Which is not to say it was a failure. In fact, for a photo-op held during a non-election year in May and headlined by a relatively unknown local politician, the unveiling of the agenda probably got more attention than it deserved. Even so, as Joan relayed from the scene, there was some tension at the event — and not only because President Obama’s hard sell of the Trans-Pacific Partnership (TPP) is driving some liberals to distraction while making others defensive. Sure, the agenda does call on lawmakers to “[o]ppose trade deals that hand more power to corporations at the expense of American jobs, workers’ rights, and the environment,” which is basically how the TPP is described by its foes. But that discord was for the most part kept under the surface.
The real reason de Blasio’s stab at playing the role of Progressive Moses was a bit awkward (despite going much better for him than it did for Ed Miliband) is knottier and harder to ignore.

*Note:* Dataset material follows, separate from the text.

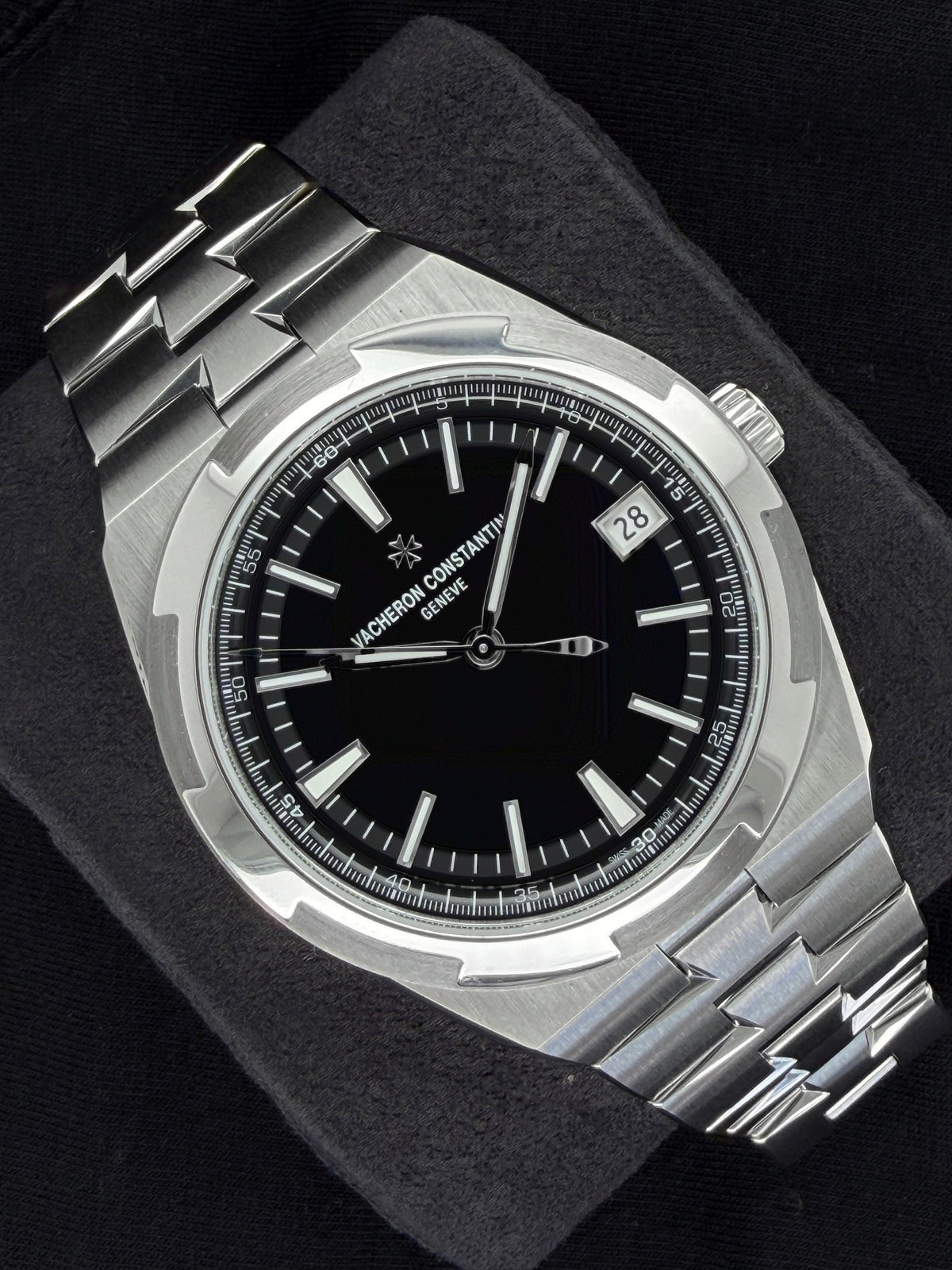 Vacheron Constantin Overseas ‘Black’ 4520V/210A-B483 | 2026 | 41mm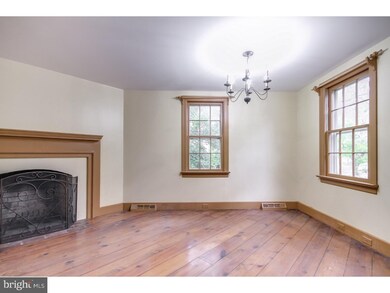 49 S Evergreen Ave, Woodbury, NJ 08096 - photo 4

And it didn’t only trip up Hizzoner, but also marred a same-day Roosevelt Institute event on “rewriting the rules” of the economy, which was keynoted by no less a figure than Sen. Elizabeth Warren. It’s an issue that’s long dogged the American left, and the United States more generally, and it’s one that will not go away, no matter how fervently everyone may wish. It is, of course, the issue of race; and as these D.C. left-wing confabs showed, it will dash any hope of a liberal future unless the “professional left” gets deathly serious about it — and quick.
If you haven’t read Joan’s piece (which you really should), here’s a quick summary of how race wound up exposing the fault lines of the left at two events that were supposed to be about unity of purpose. Despite American politics becoming increasingly concentrated over the past two years on issues of mass incarceration and police brutality — which both have much to do with the legacy of white supremacy and the politics of race — neither de Blasio’s agenda nor the Roosevelt Institute’s report spend much time on reforming criminal justice. To their credit, folks from both camps have agreed that this was a mistake and have promised to redress it in the future. Still, it was quite an oversight — and a shame, too, because it justifiably distracted from an agenda and a report that were both chock-full of good ideas.
I wasn’t in the room when de Blasio’s agenda or the Roosevelt Institute’s report were created, but I feel quite confident in saying that the mistake here was not a result of prejudice or thoughtlessness or even conscious timidity. I suspect instead that ingrained habits and knee-jerk reflexes — born from coming of age, at least politically, in the Reagan era — are more likely to blame. Because while the radical left has been talking about and organizing around racial injustices for decades, mainstream American liberalism, the kind of liberalism that is comfortably within the Democratic Party mainstream, is much less familiar with explicitly integrating race into its broader vision.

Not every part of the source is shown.